▶ [Problem requirements] Write out an exact copy of the line containing "Photo 39 at" and all lines that follow it in the data below, leaving out pictures.

▶ [Items listed in a dataset]
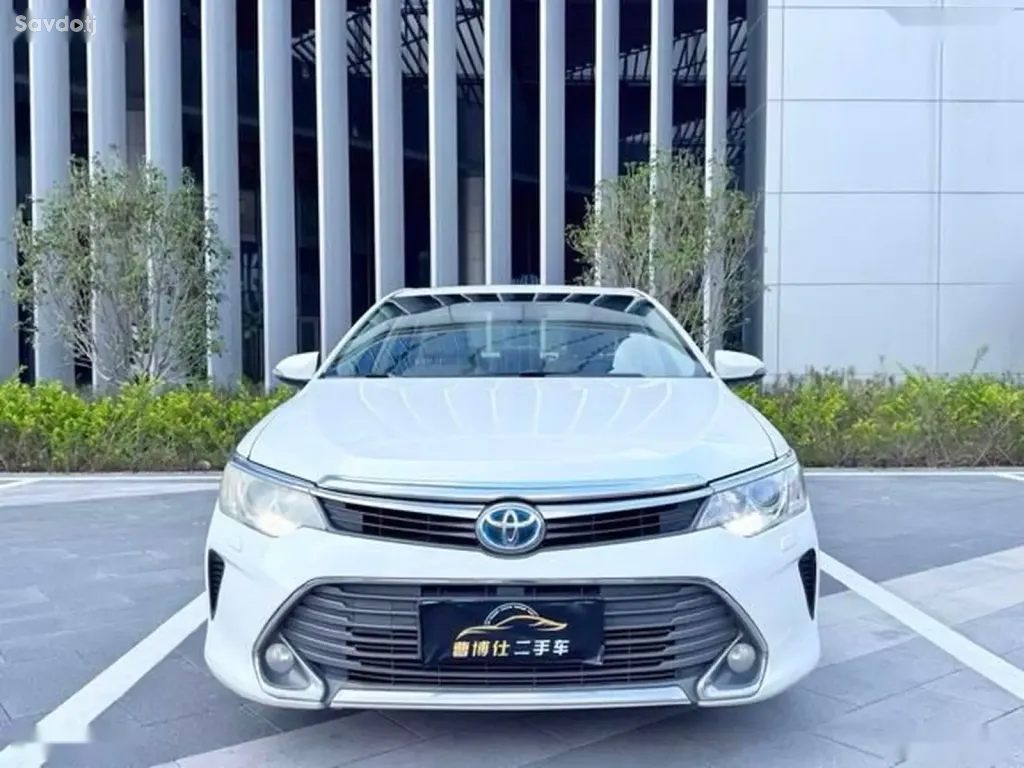 Toyota Camry, 2016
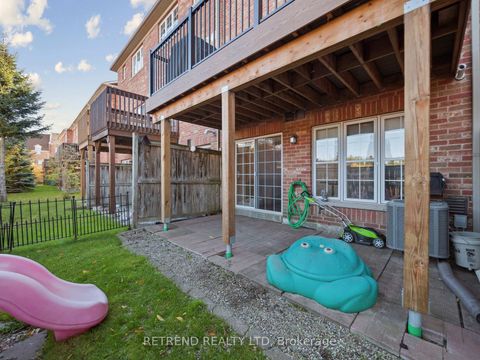 Photo 39 at 26 Golden Spruce Lane, Maple, Vaughan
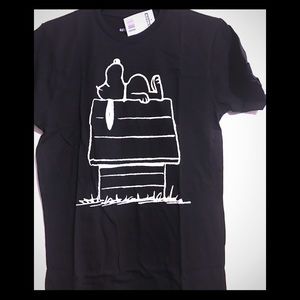 NWT Peanuts snoopy t-shirt sz S
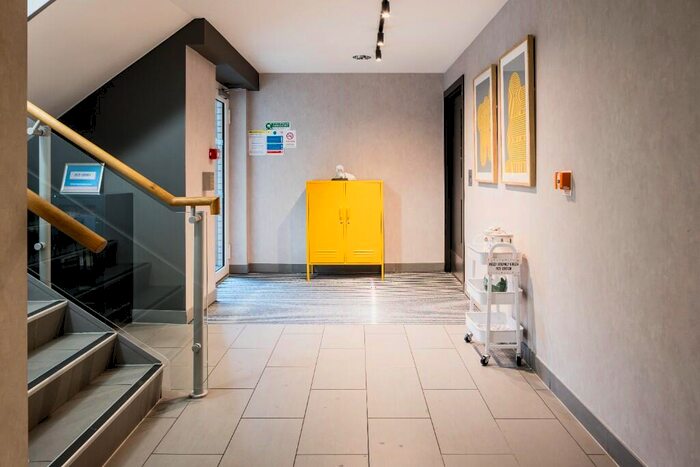 2 Bedroom Apartment To Rent In Killick Way, London, E1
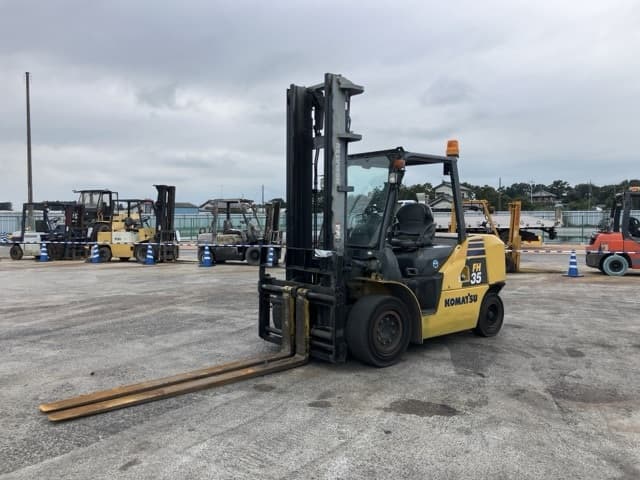 Forklift — Auction (lot 8460-4076)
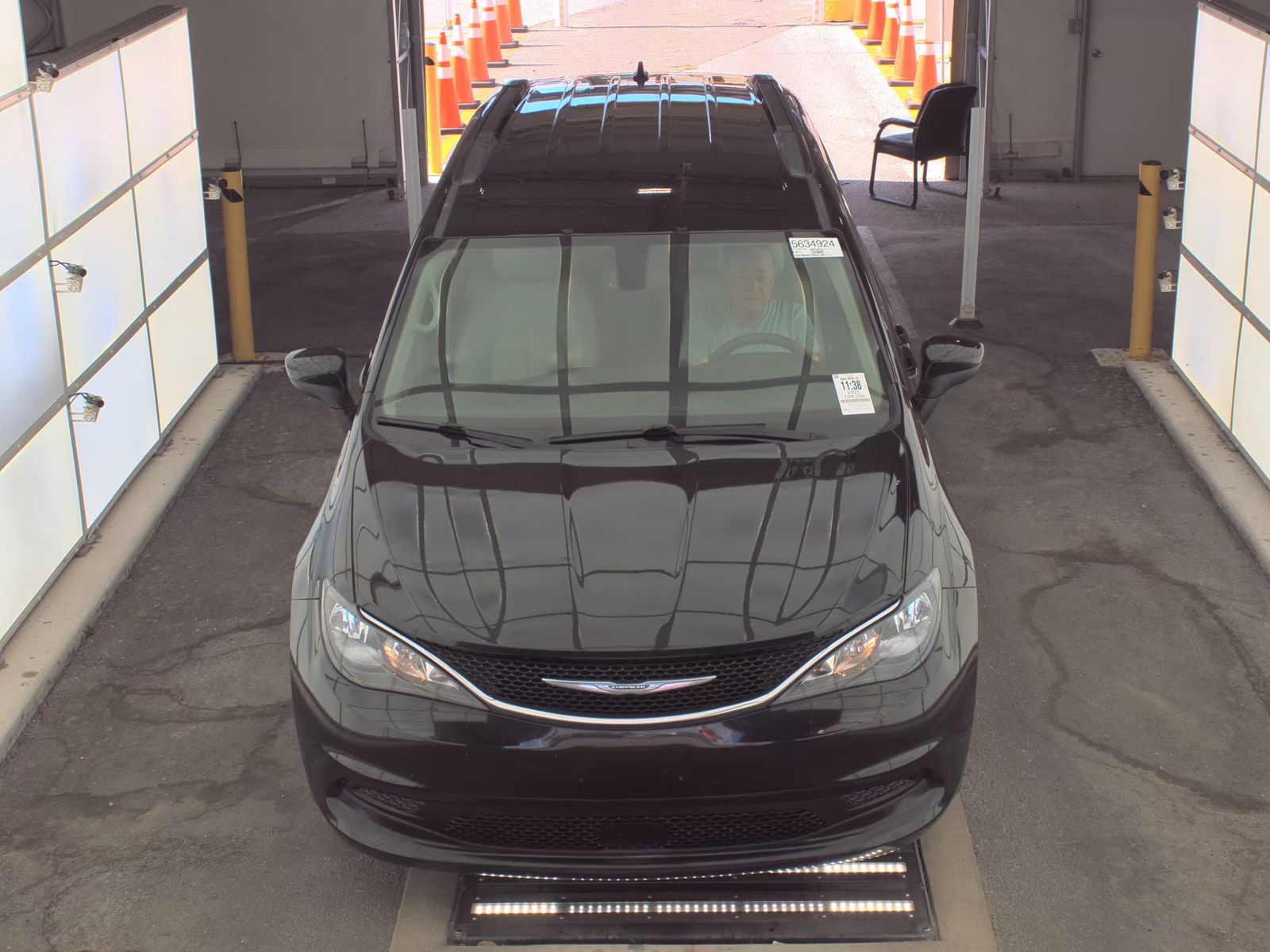 CHRYSLER VOYAGER - 3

▶ [Response area]
 Photo 39 at 26 Golden Spruce Lane, Maple, Vaughan
 NWT Peanuts snoopy t-shirt sz S
 2 Bedroom Apartment To Rent In Killick Way, London, E1
 Forklift — Auction (lot 8460-4076)
 CHRYSLER VOYAGER - 3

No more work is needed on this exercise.